Cultural NGO in Ukraine

The Lion's Society (Товариство Лева), also colloquially referred to as the Leveniata (Левенята) is a cultural non-governmental organisation (NGO) in Ukraine. Founded in 1987, the Lion's Society played an important role in the revival of Ukrainian culture in Galicia prior to and during the 1989–1991 Ukrainian revolution, both as the results of its own actions and from the several organisations which split off from it. American historian Padraic Kenney has argued that the group was significant in restoring Lviv's Central European identity after Soviet rule.

== Overview ==
The Lion's Society was founded on 19 October 1987 as an outgrowth of the Komsomol in the western Ukrainian city of Lviv. Orest Sheika, a member of the local Komsomol chapter, had placed an appeal in the organisation's Leninist Youth newspaper for a subbotnik to be devoted to cleaning the local Lychakiv Cemetery on 4 July 1987. The appeal had brought several dozen people to attend, and a few days after the subbotnik the process of establishing the Lion's Society began. In contrast to more radical dissident organisations, which were demanding sovereignty for Ukraine, the Lion's Society focused on local culture in Galicia.

Early activities of the Lion's Society included memorialisation of dissident poet Vasyl Symonenko and the revival of Vertep in Lviv, as well as vesnianky dances. Outside of Lviv, the society launched an expedition to the village of Havarechchyna to learn and assist in the continued creation of local ceramic traditions. Members of the society were also engaged in environmental activism, protesting outside the building of the Lviv Oblast Council against the creation of a reservoir near Stryi.

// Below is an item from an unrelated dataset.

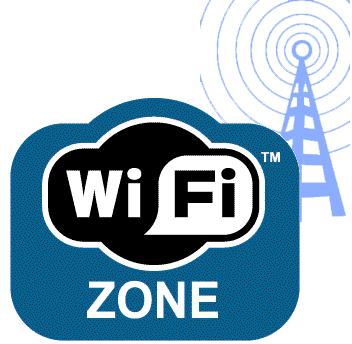 wifi - Infraero vai oferecer Wi-Fi grátis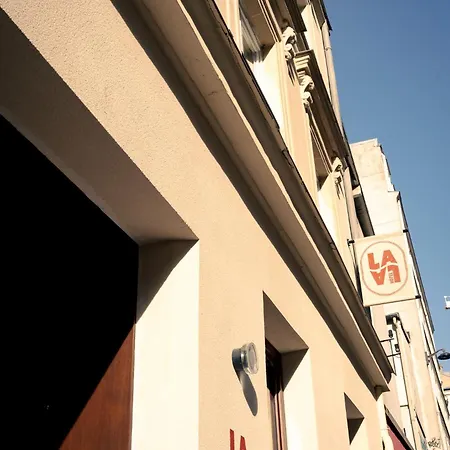 Ξενοδοχείο Lala 3*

With the intensification of perestroika in the leadup to the 19th All-Union Conference of the Communist Party of the Soviet Union the Lion's Society increasingly found itself at the centre of the growing Ukrainian anti-communist movement. Sheika's name was publicly floated as a possible delegate to the conference, and activists from the society had formed the Taras Shevchenko Society for the Ukrainian Language, a group involved in helping to promote the Ukrainian language against Russification. The group organised community theatre performances at the Young Spectator Theatre (now the First Ukrainian Theatre for Children and Youth) on the Shevchenko Days.

The Lion's Society's increased growth also brought notable figures of the Ukrainian dissident movement to its defence, notably Mykhailo Horyn. Horyn praised the society particularly for the foundation of the Shevchenko Society, referring to it as "one of the rungs of the ladder by which we will raise our consciousness, which has fallen so low it is difficult to imagine." The society continued to organise events throughout 1988, including the Dniester-88 rafting expedition to investigate the ecological state of the Dniester basin. The path of the expedition has since become the site of an annual rafting competition and ecological study.

During the 1989 Soviet Union legislative election the Lion's Society ignored calls from the Ukrainian Helsinki Union (at the time the only non-communist political party in Ukraine) to boycott the election. Instead, they nominated poet and society member Rostyslav Bratun as a candidate for deputy. Bratun exemplified the society's policies of multiculturalism, being closely connected with Lviv's Polish and Jewish communities and supporting the revival of the Ukrainian Greek Catholic Church despite being Eastern Orthodox. Bratun would go on to be successfully elected, and parliamentary immunity enabled him to serve as a vocal proponent for Ukrainian independence.

Since the Declaration of Independence of Ukraine the Lion's Society has left politics, although it continues to be active in organising certain actions such as Dniester-88.

== Legacy ==
Several other non-governmental organisations during the 1989–1991 Ukrainian revolution began as part of the Lion's Society. Spadshchyna, another organisation which would later help to form the People's Movement of Ukraine, emerged from the Lion's Society. The samizdat newspaper Postup (newspaper), the society's press organ, also served as a springboard for journalists such as Oleksandr Kryvenko and Georgiy Gongadze. American historian Padraic Kenney has said that the society played an important role in the restoration of Lviv's identity as a part of Central Europe after communist rule.